Peters,
concluding a long prayer at the royal chapel at Whitehall, (he had very
triumphantly chosen his place,) said, "I have prayed and preached these
twenty years; and now I may say with old Simeon, _Lord, now lettest thou
thy servant depart in peace, for mine eyes have seen thy
salvation_."[89] Peters had not the fruits of his prayer; for he neither
departed so soon as he wished, nor in peace. He became (what I heartily
hope none of his followers may be in this country) himself a sacrifice
to the triumph which he led as pontiff. They dealt at the Restoration,
perhaps, too hardly with this poor good man.
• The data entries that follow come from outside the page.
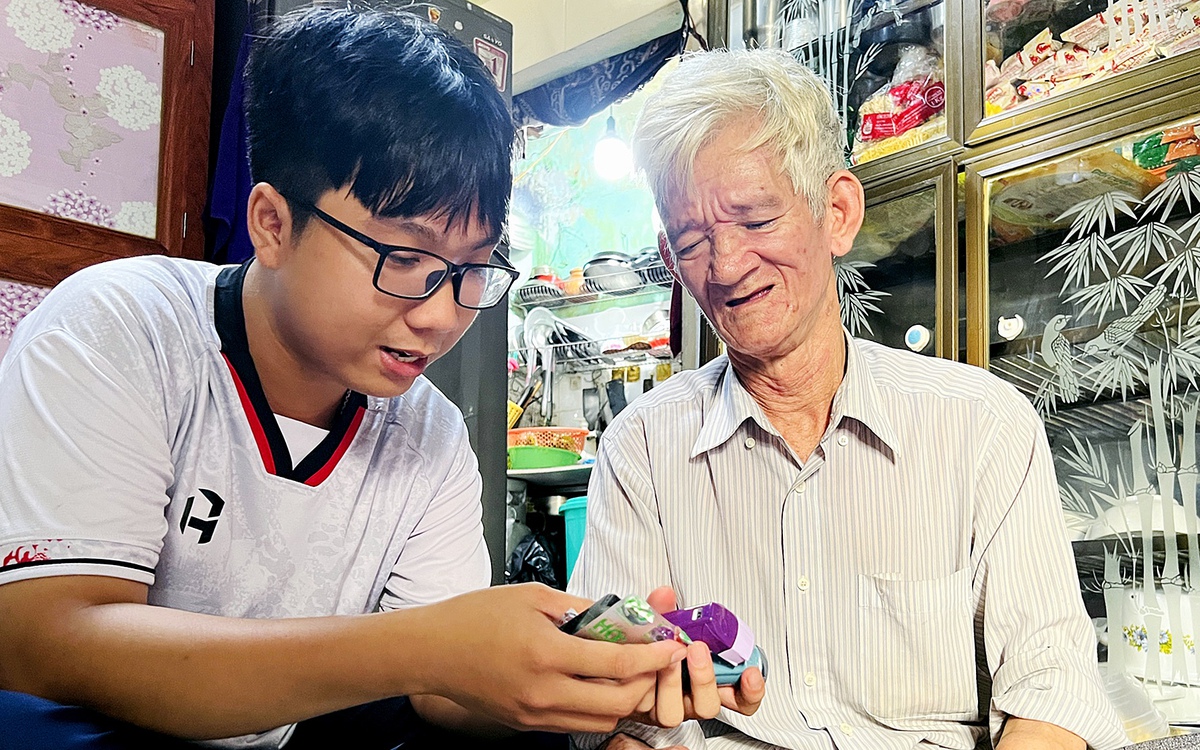 Cha qua đời bi thương trên biển, mẹ mất vì bệnh tim, chú bé khổ đau nay vào đại học ngành AI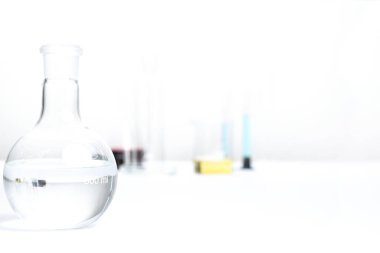 deneyler sırasında beyaz zemin üzerinde bir laboratuvar tablo Labaratuar donanımları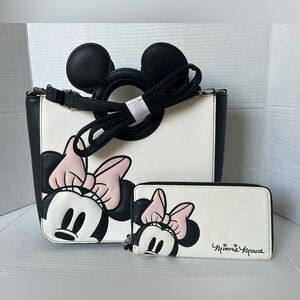 LOUNGEFLY DISNEY Minnie Mouse Signature Die-Cut Handle Crossbody Tote Purse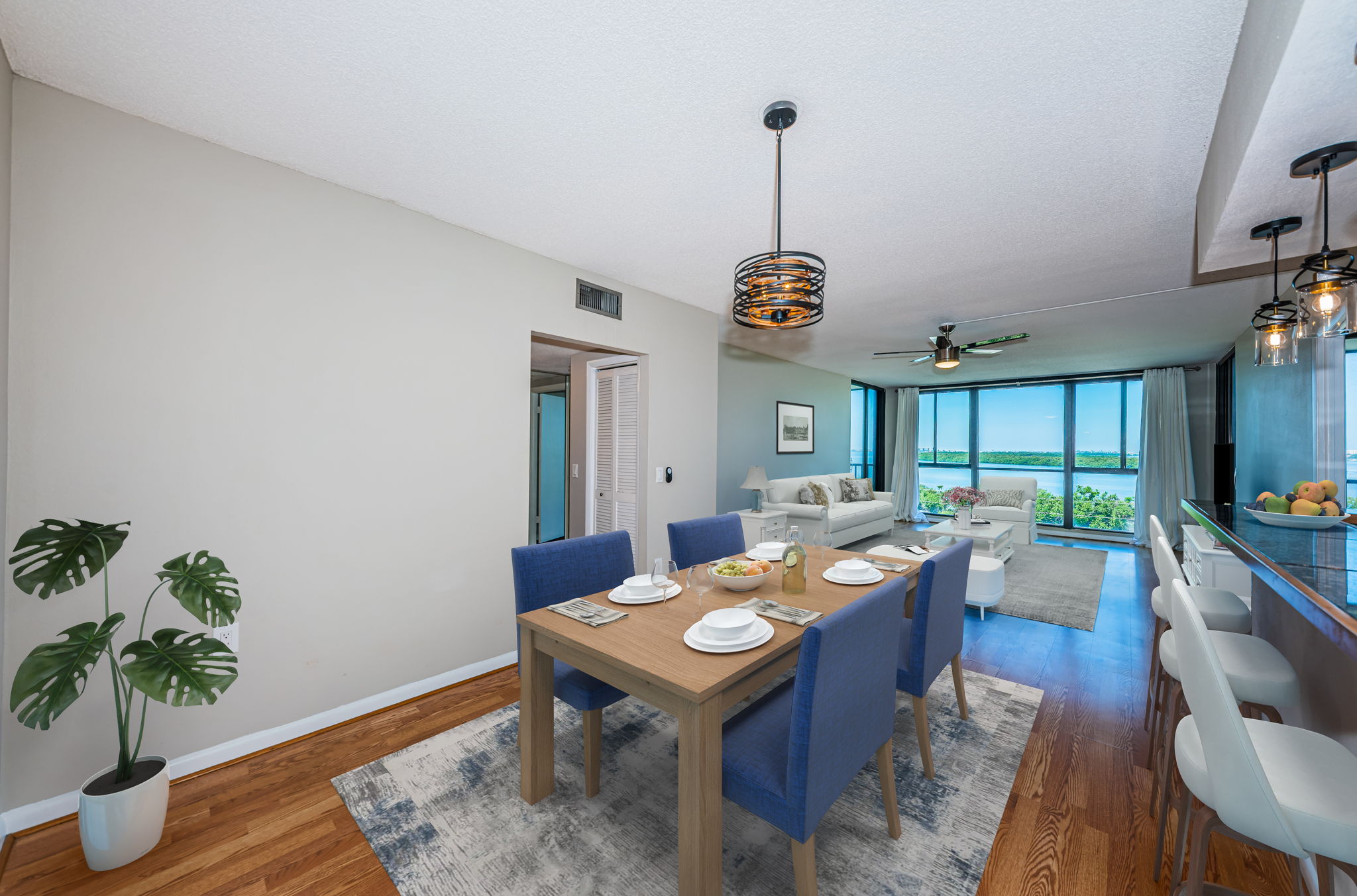 Dining Room 2-2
But we owe it to his memory
and his sufferings, that he had as much illumination and as much zeal,
and had as effectually undermined all _the superstition and error_ which
might impede the great business he was engaged in, as any who follow and
repeat after him in this age, which would assume to itself an exclusive
title to the knowledge of the rights of men, and all the glorious
consequences of that knowledge.
After this sally of the preacher of the Old Jewry, which differs only in
place and time, but agrees perfectly with the spirit and letter of the
rapture of 1648, the Revolution Society, the fabricators of governments,
the heroic band of _cashierers_ of _monarchs_, electors of sovereigns,
and leaders of kings in triumph, strutting with a proud consciousness of
the diffusion of knowledge, of which every member had obtained so large
a share in the donative, were in haste to make a generous diffusion of
the knowledge they had thus gratuitously received.